Capex Plans and Utilisation Patterns
Cement plants rarely operate at full capacity, typically achieving 70–80% utilization. Three primary reasons explain why companies continue to invest in new capacity despite existing idle capacity:
- Seasonality – Construction activity slows during monsoons, and cement has a short shelf life of 90 days. This necessitates controlled production, reducing average utilization.
- Operational Complexity – Cement manufacturing involves sequential processes like clinker production, grinding, and heating. Maintenance, equipment downtime, and bottlenecks reduce effective capacity.
- Fragmented Regional Demand – Cement is a low-value, high-volume product, making long-distance transport costly. About 85% of production is concentrated in South India, while demand in East & Central India is high. Low freight margins limit redistribution.
This cycle emphasizes location-specific capacity expansion, such as Dalmia Bharat’s 2.4 million tonnes grinding capacity in Assam to serve East India efficiently.
Profitability Through Cost Control
Profit in cement largely depends on cost optimization, as pricing power is limited for this commodity. Key cost components (≈75% of total cost) include:
- Raw Materials – Securing limestone reserves is critical to control costs, as post-2015 auctions increased production expenses.
- Power & Fuel – Representing ~31% of costs, companies are investing in renewable energy. Ultratech increased renewable power from 30% (Q2 FY25) to 41% (Q2 FY26), aiming for 65% by FY28. Ambuja moved from 7% (Sept 2022) to 33% (Q2 FY26), targeting 60% by FY28, reducing power costs by ~23%.
- Freight Costs – ~26% of costs, mitigated through split grinding units and logistics partnerships. Ultratech and Ambuja allocate 75–85% of capex to grinding units closer to demand centers.
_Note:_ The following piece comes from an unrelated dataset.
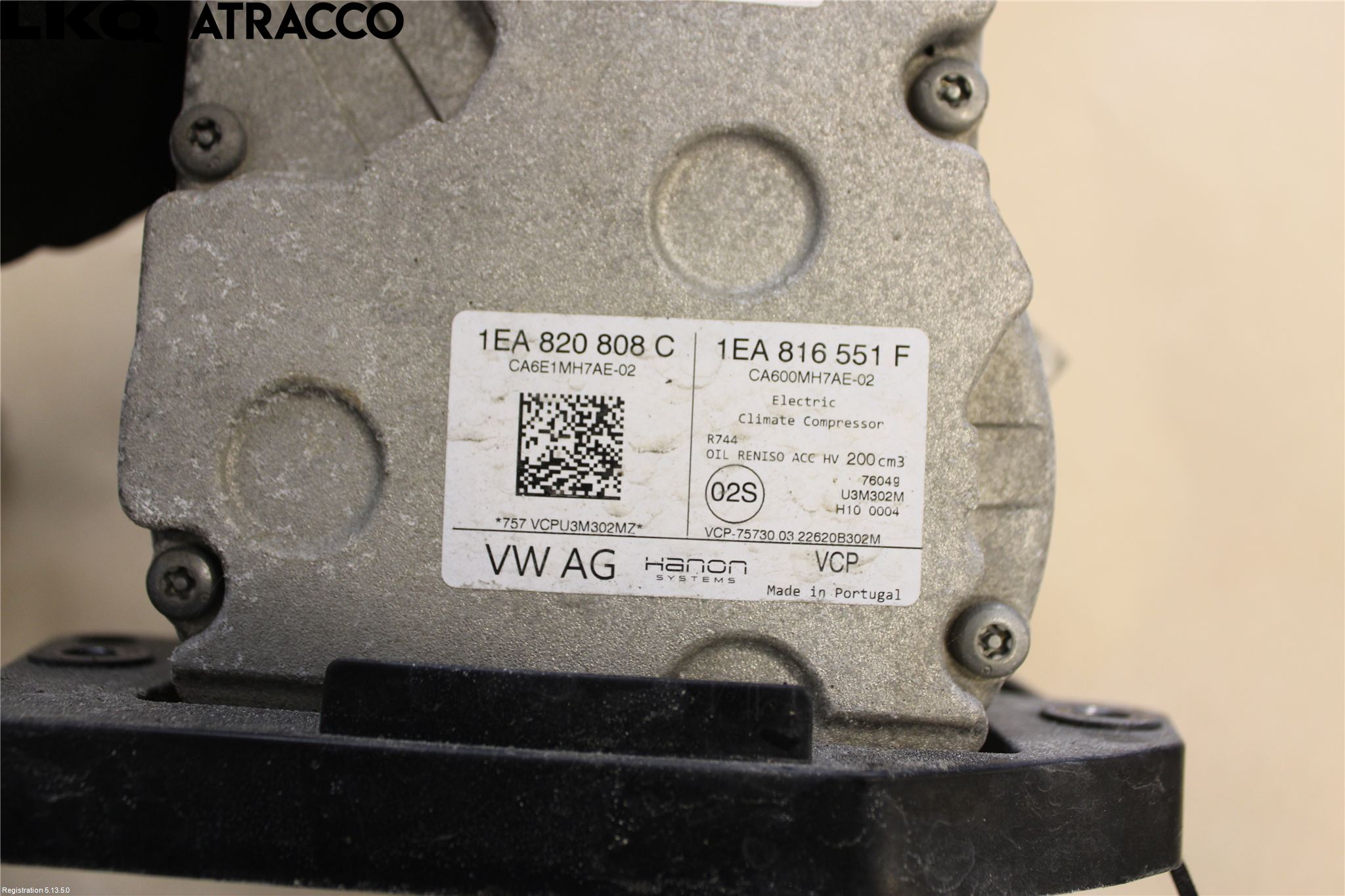 Volkswagen VW ID.4 21- Ac Kompressor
Collaborations with Indian Railways and CCI further improve distribution efficiency.
Brownfield expansions and plant debottlenecking (~65% of this cycle’s capacity) remain preferred strategies due to faster execution and lower cost compared to greenfield projects.
Assessing Oversupply Risk
Current cement capacity in India is 686 million tonnes. With FY28 capex, total capacity could reach 850 million tonnes. Assuming 70–80% utilization, effective capacity would be ~596 million tonnes, exceeding FY28 demand (~550 million tonnes) and leaving a safety margin of ~45 million tonnes.
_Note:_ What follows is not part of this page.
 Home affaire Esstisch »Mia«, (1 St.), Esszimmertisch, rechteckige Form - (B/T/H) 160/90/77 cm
Oversupply risk is minimal until FY28, but could rise if infrastructure growth slows. China experienced a similar situation in the early 2010s, where aggressive expansion led to output surpluses and falling prices by 2024. India’s per capita cement consumption remains 280 kg, below the global average of 500 kg (China: 1,400+ kg), suggesting room for growth.
Some companies, such as Shree Cement, adopt a cautious approach, planning only ₹3,000 crore capex until FY27 to monitor demand before further expansion.
India’s cement sector is experiencing a strategically driven capex cycle, focused on meeting rising regional demand and enhancing profitability through cost efficiency. While oversupply risk is limited in the near term, regional supply imbalances and long-term demand fluctuations will require careful monitoring.